Mei tai finish: 2d zoo and lime

My cousin asked to make her a mei tai for a friend.  The baby shower is tomorrow, and by the time we decided on fabric and I had procured all the supplies (I need to go out and buy fabric for the straps), I was not left with much time to finish.  Mei tais take a pretty significant time investment as far as sewing time goes, and well, my sewing time is limited.

I’m happy to say, I finished this up late Wednesday night, and it was in the mail first thing yesterday morning, priority.  It’s supposed to arrive tomorrow.

Kathleen liked this 2d Zoo fabric from Alexander Henry, which I paired with navy twill for the straps.

With the sleeping hood up, you can see that the solid lime on the reverse pairs nicely with some of the animals in the print.

With a reversible mei tai like this, it’s sometimes nice to have a “fun” print on one side and a simpler choice for the reverse, like a coordinating solid or stripe.

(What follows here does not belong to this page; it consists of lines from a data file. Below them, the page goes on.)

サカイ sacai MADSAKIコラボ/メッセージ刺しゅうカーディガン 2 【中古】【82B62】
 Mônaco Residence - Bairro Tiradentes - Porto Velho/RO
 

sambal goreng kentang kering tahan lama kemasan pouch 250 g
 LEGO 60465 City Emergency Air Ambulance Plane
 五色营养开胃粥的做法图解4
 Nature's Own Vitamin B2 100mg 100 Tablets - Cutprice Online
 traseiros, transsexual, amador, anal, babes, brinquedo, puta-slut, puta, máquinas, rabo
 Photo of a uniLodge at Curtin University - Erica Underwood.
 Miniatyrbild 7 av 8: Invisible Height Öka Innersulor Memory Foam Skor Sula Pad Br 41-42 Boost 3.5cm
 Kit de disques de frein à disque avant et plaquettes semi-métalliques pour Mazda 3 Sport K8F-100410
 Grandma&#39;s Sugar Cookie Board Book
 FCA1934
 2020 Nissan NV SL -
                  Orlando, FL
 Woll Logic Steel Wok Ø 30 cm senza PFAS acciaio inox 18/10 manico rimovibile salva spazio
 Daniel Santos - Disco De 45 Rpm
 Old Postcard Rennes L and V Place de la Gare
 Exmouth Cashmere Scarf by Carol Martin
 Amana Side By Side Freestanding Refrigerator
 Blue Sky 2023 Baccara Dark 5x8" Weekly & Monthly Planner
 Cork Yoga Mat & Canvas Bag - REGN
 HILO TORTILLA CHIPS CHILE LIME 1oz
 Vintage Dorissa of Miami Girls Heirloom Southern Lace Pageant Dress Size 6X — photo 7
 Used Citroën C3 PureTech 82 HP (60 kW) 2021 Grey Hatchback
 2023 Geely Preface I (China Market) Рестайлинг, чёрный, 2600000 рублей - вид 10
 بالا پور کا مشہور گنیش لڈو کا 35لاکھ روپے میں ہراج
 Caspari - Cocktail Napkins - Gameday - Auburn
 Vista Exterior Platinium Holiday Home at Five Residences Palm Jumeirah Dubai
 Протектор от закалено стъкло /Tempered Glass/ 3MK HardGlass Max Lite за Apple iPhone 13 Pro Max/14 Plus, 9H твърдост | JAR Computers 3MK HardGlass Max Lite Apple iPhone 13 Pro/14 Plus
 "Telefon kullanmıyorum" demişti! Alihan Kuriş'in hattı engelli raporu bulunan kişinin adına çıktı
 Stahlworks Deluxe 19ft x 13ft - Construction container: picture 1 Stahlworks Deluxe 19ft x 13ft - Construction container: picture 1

With this one, I used navy thread to match the straps and added a little bit of interest with the contrast stitching.

Happy babywearing!

This one definitely fits into the “Thank Goodness It’s Finished!” category.  I’m happy I got in the mail just in time; now if the post office will just hold up their end of the deal!

Little bugs mei tai

My friend Jessica is going to be an auntie this month and she (thoughtful sister that she is) decided to get her sister the best baby gift in the universe: a mei tai!  Lucky for Jessica, she just happens to have a friend who can make an excellent mei and is happy to do it for a good price (who could that be?).  Lucky for Jessica’s sister, she’s getting the best baby gift in the universe.

Jessica and I met in graduate school, where we both studied plants (she, mosses; me, invasive shrubs), so she thought it was appropriate that her gift have plants on it.  This fabric is called Recycle Vines by Michael Miller.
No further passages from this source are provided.